So, they require that that future payment schedule be incorporated into the sale agreement as an addendum. The second document that gets signed at closing is an assignment or delegation agreement. Different life companies call it different things, but it's in essence an assignment from the buyer to the life insurance company for those future annuity payments that the seller has put in place. And so it creates the paper trail to comport with IRS guidelines that says, we've agreed to this sale amount. A portion is going into a structured installment sale, and I, as the buyer, am assigning the future annuity payment obligation in totality to the life insurance company with whom the annuity has been placed. So, from their perspective, they do have to sign that document, but they close escrow as they would in any other transaction. They get the deed or title to the property, and they walk away from the closing table as the owner of the property, with the assurance that the life company is making off those future payments.

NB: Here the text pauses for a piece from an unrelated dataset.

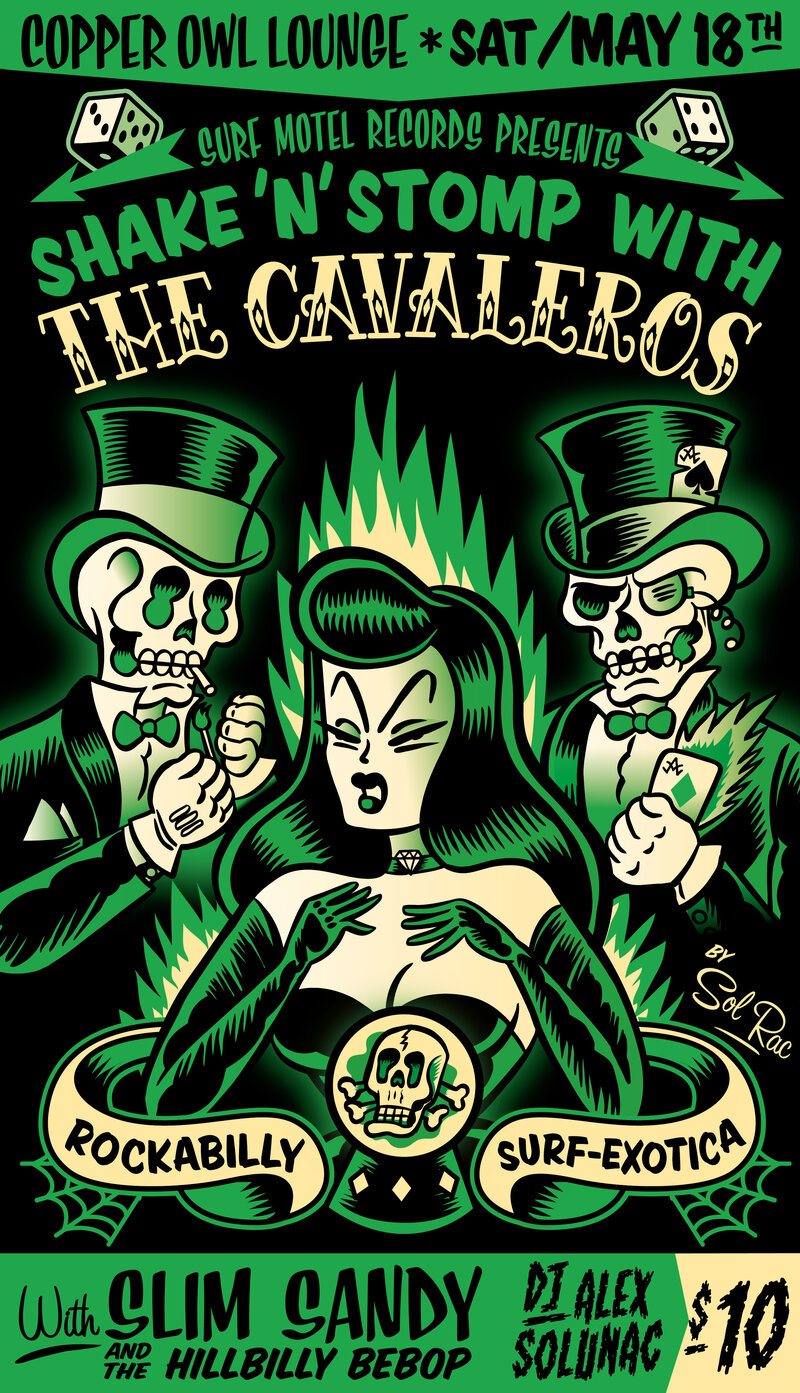 The Cavaleros Shake n' Stomp Cocktail Party!: The Cavaleros, Slim Sandy Band, DJ Alex Solunac  @ Copper Owl May 18 2013 - May 6th @ Copper Owl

JO: And so all this has to happen at closing. It's not going into an account like a 1031 exchange, and you can change your mind in a few months and say, oh, I couldn't find a good place to park the money. Give me my money now, and I'll pay taxes on it. This is, it's all happening at closing, and it's a done deal?
CE: You're exactly right. That's a great clarifying point. So unlike a 1031, where you've got 90 days to identify that property, and if you can't, then to your point, you just, you pay the piper, you bite the bullet and pay your tax obligation. With this, everything needs to be done prior to closing, and the documents get executed at the closing table. Now we provide all those documents that I just mentioned to you well in advance of closing so that the buyer, the seller, the closing office, the title office, everybody has seen the documents. Everybody's had an opportunity to ask us any questions that they have, about what they're signing. So that when your folks sit down at the closing table, nobody's caught off guard, nobody's surprised, and closing runs smoothly. So yeah, but once it's done, it's done, and it cannot be changed.
JO: Gotcha. Okay. Well, thank you for educating me on this, Chad. Monty, educate me on kind of the tax advantages of this compared to other, I guess, opportunities that sellers might have in their toolbox when it comes to comparing this to 1031 exchange, DST. Are the tax advantages similar or are they vastly different?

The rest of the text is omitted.